Material supplied:

○ ○ ○ ○

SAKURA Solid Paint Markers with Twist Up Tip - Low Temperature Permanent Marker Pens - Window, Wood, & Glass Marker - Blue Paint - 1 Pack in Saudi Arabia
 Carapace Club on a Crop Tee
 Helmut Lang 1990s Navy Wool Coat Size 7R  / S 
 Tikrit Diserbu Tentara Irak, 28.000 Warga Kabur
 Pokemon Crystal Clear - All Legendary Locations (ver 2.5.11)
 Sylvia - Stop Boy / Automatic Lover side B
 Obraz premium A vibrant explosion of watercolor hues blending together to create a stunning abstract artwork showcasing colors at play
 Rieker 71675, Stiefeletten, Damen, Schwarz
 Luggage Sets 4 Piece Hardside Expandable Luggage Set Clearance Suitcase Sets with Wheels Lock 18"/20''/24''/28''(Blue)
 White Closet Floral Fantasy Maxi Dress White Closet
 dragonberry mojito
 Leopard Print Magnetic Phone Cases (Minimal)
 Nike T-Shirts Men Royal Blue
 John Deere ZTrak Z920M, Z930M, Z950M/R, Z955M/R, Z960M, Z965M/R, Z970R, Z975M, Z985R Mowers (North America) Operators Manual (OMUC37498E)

○ ○ ○ ○

Task requirements: Considering only the material above, set down every line from the one with "Rieker 71675, Stiefeletten, Damen, Schwarz" to the one with "Nike T-Shirts Men Royal Blue", inclusive, exactly as written.

Response area:
 Rieker 71675, Stiefeletten, Damen, Schwarz
 Luggage Sets 4 Piece Hardside Expandable Luggage Set Clearance Suitcase Sets with Wheels Lock 18"/20''/24''/28''(Blue)
 White Closet Floral Fantasy Maxi Dress White Closet
 dragonberry mojito
 Leopard Print Magnetic Phone Cases (Minimal)
 Nike T-Shirts Men Royal Blue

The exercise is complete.